Normally it would be concerning to see an independent developer approach their release schedule with the yearly-iterative-sequel attitude of a juggernaut business like Ubisoft, but Daedalic Entertainment defies expectation in Blackguards 2. A little under a year ago the German developer released the first title in the series. The sequel is only an iteration, but it’s rife with small, important improvements.
Both Blackguards games began with their central characters in the same sort of strife. The protagonist is wrongfully imprisoned in a dungeon and is desperate to claw back to the surface and the warm sunshine. Blackguards 2 is a much more gripping take on this slightly tired fantasy trope.

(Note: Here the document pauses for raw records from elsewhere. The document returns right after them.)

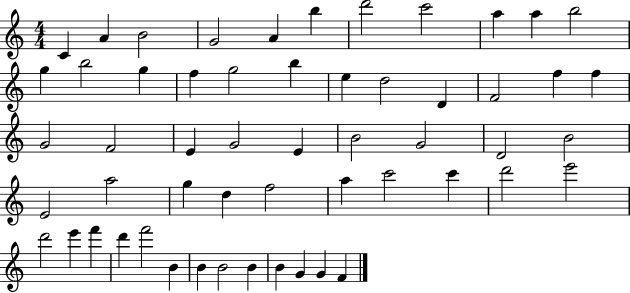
X:1
T:Untitled
M:4/4
L:1/4
K:C
C A B2 G2 A b d'2 c'2 a a b2 g b2 g f g2 b e d2 D F2 f f G2 F2 E G2 E B2 G2 D2 B2 E2 a2 g d f2 a c'2 c' d'2 e'2 d'2 e' f' d' f'2 B B B2 B B G G F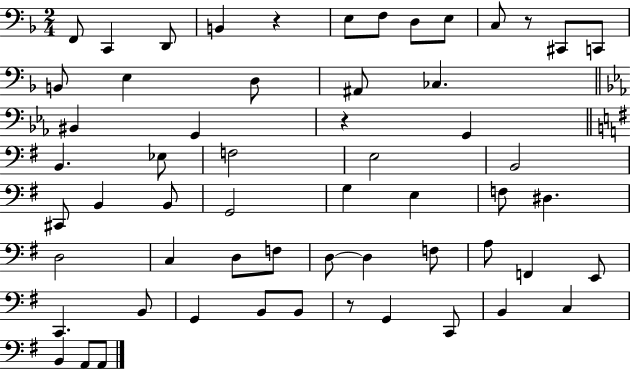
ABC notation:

X:1
T:Untitled
M:2/4
L:1/4
K:F
F,,/2 C,, D,,/2 B,, z E,/2 F,/2 D,/2 E,/2 C,/2 z/2 ^C,,/2 C,,/2 B,,/2 E, D,/2 ^A,,/2 _C, ^B,, G,, z G,, B,, _E,/2 F,2 E,2 B,,2 ^C,,/2 B,, B,,/2 G,,2 G, E, F,/2 ^D, D,2 C, D,/2 F,/2 D,/2 D, F,/2 A,/2 F,, E,,/2 C,, B,,/2 G,, B,,/2 B,,/2 z/2 G,, C,,/2 B,, C, B,, A,,/2 A,,/2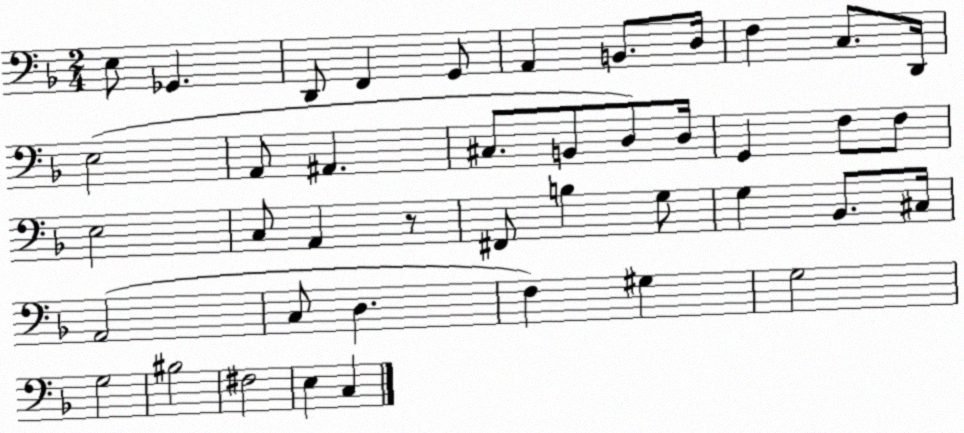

Instead of creating your own hero from scratch, as in the first game, you play as a pre-baked character with goals of her own. Cassia of Tenos, a beautiful aristocratic heir enjoying the best years of her life petting kittens and taking leisurely strolls in the city, is imprisoned for political reasons in a perilous, tortuous labyrinth. Over the many years of in-game time that serve as a quick tutorial for the combat and levelling systems Cassia is attacked and bitten, over and over by pale terrier-sized spiders. Gradually, the venom invades the tissues of her body and her face grows swollen and grossly deformed. It poisons her mind too, and she becomes fanatical about taking the kingdom for herself.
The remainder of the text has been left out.